Pinterest dressing up for a $12bn+ IPO in 2019 as per market grapevine. 


'Pinterest'ing IPO in the offing: As per a WSJ report, Pinterest Inc. is actively preparing for an IPO in the first half of 2019. The ad-supported platform boasts of MAUs north of 250mn and is expected to generate revenues of $700mn+ implying a sharp 50% YoY growth. IPO valuations can often show perplexing ranges, driven by some clever financial engineering. Consequently, one can often see fairly steep valuation swings as early as day one of trading. However, it is fair to assume that Pinterest could be valued in excess of $12bn - a theoretical floor perhaps, given its last raise valued it at that. 

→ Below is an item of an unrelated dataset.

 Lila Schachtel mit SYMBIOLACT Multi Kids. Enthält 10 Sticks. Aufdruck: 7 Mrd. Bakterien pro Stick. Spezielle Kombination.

IPO mode on: With Uber and Lyft IPOs also looming large in 2019, Pinterest might be yet another meaningful addition to the list with other tech names such as Rackspace, Palantir, Robinhood, Slack also appearing to be bitten by the IPO bug.

Fed Rate Hike, Pinterest Dressing Up for IPO, Swiggy raises $1bn, Govt May Inject INR2,300cr into Air India et al.



Swiggy raises $1bn led by existing investor, Naspers. Govt ensures that there will be no harassment of angel investors and startups.


Swiggy swells: The round which increased Swiggy's value to $3.3bn was led by existing investor South African media giant Naspers, besides entry of new investors such as Tencent and hedge funds Hillhouse Capital and Wellington Management. DST Global, Meituan Dianping and Coatue also participated in the fund raising.


Up Close: The latest funding round will give the food delivery platform a significant capital advantage over rival Zomato. As per an ET Tech report, while Swiggy has raised a total of $1.31bn across three funding rounds in 2018, Zomato has raise around $410m in two rounds.


Zoom Out: Swiggy is to use the funds to bring more quality food brands closer to consumers and address gaps in supply through delivery-only kitchens under the ‘Access’ initiative for restaurant partners. Besides further pushing into the food delivery business, it will also use the proceeds to expand into new businesses such as grocery and online pharma delivery.


The threat of angel tax looms large: Several early-stage startups have received notices to clear taxes on angel funding raised by them. In certain cases, the taxes-cum-penalty on unpaid tax amount to c. 50% of the funds raised. As per a ET Tech report, CBDT is examining the issue and could issue a clarification regarding the same.